Exercise instructions:
Search the data below for lines that include the word "Photo" and state how many there are, nothing else.

※

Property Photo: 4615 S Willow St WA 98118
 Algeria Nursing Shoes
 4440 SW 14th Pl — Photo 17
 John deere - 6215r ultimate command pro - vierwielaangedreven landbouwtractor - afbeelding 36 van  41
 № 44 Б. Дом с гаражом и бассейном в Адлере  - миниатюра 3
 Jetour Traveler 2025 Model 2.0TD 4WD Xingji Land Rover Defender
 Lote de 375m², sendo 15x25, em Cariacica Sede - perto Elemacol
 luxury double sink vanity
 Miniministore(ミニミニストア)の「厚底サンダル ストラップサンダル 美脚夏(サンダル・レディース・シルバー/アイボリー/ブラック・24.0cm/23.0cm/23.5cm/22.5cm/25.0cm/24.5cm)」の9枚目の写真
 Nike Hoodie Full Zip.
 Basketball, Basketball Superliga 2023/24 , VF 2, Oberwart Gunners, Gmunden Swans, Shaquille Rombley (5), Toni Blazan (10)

※

Solved exercise:
2